Great cooking favors the prepared hands. --Jacques PepinOne of the first things I learned to do in the kitchen was peeling onions. It was a job my mother gave me regularly, since onions were the base of a lot of dishes I grew up eating. I use a lot of onions even today; it would be strange to make a sauce or the base of a stew without them. You'd think after so many years of working with them that I would have found a way to chop them up without crying, but it seems like it gets worse every year. I can only do it now if I have the fan on over stove, and even then it has to be on high.
I also remember learning to peel and mash garlic with a mortar and pestle, how to debone fish with my fingers, and how to flatten small pieces of dough with my hands for siopao. My culinary skills took a bit of a nosedive when I became a teenager and learned how to make a bunch of edible experiments by varying the number of seconds for which I nuked them at power level 10. If you've ever microwaved a marshmallow, you know what I'm talking about...
When I moved into my first kitchen as an adult, I only had the basics: a few spare pots and pans, some cutlery, and a paring knife. I inherited an egg beater from my mother-in-law, one you turned with a crank. I refused to buy an electric mixer... but I can't remember why. Instead, I cranked out many meals with my one knife and my trusty beater. I made some pretty impressive meringues and pavlovas with that thing...
Come to think of it, it's been years since I made a pavlova. Hmm... weekend project...
I read an article this weekend about someone learning to cook into a tiny kitchen, and it made me think of how I learned to make my way around a kitchen with my sparing tools. Over the years, I've picked up fancier, more expensive, more "professional" gear in the kitchen. I recently saved up my money to buy a Vitamix, and it's been fantastic.
I wondered if I felt a bit guilty for abandoning the simpler way to do things in the kitchen for the flashy appliances that are First World "must haves." I decided that I don't feel guilty at all. I think that, if I hadn't spent all that time cranking that fricking beater to make light and fluffy meringues, then I wouldn't know how to use my Kitchen Aid to its best abilities. If I hadn't spent my life chopping vegetables, then I wouldn't know how to prevent my hand blender from overheating. And if I hadn't spent all this time knitting and crocheting things, then I wouldn't know what a good quality sweater ought to look like.

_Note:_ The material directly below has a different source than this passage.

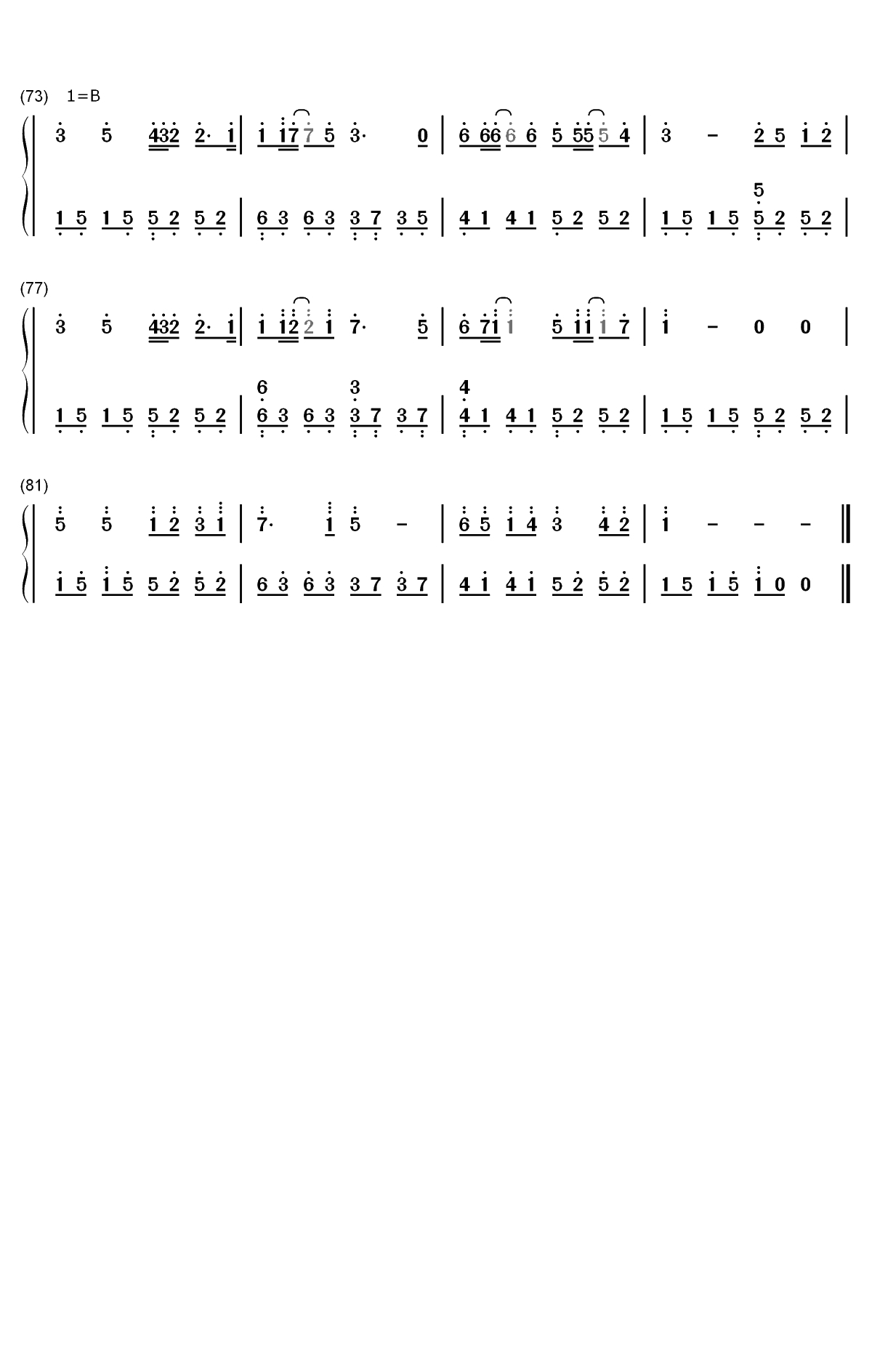 黑板情书-后弦双手简谱预览4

Owning a Ferrari doesn't make you a good race car driver.
I still use my second-hand egg whisk to make quiches and omelettes, and I still use my dough whisk to make bread. It's like straddling two worlds: one where things are created with daydreams, and one where things are created instantly, like magic. It's an interesting line to think about.
Today, I'm inspired by people who have done the tedious things a hundred-bajillion times in order to create the things that allow us mortals to do them pretty well the first time. I won't be hand-blending my smoothies anytime soon, but I'm grateful to know the value of learning how to make things through good ol' elbow grease, and I feel pretty good about sharing that experience with the Vitamix geniuses. Whether they know it or not, we come from the same stock.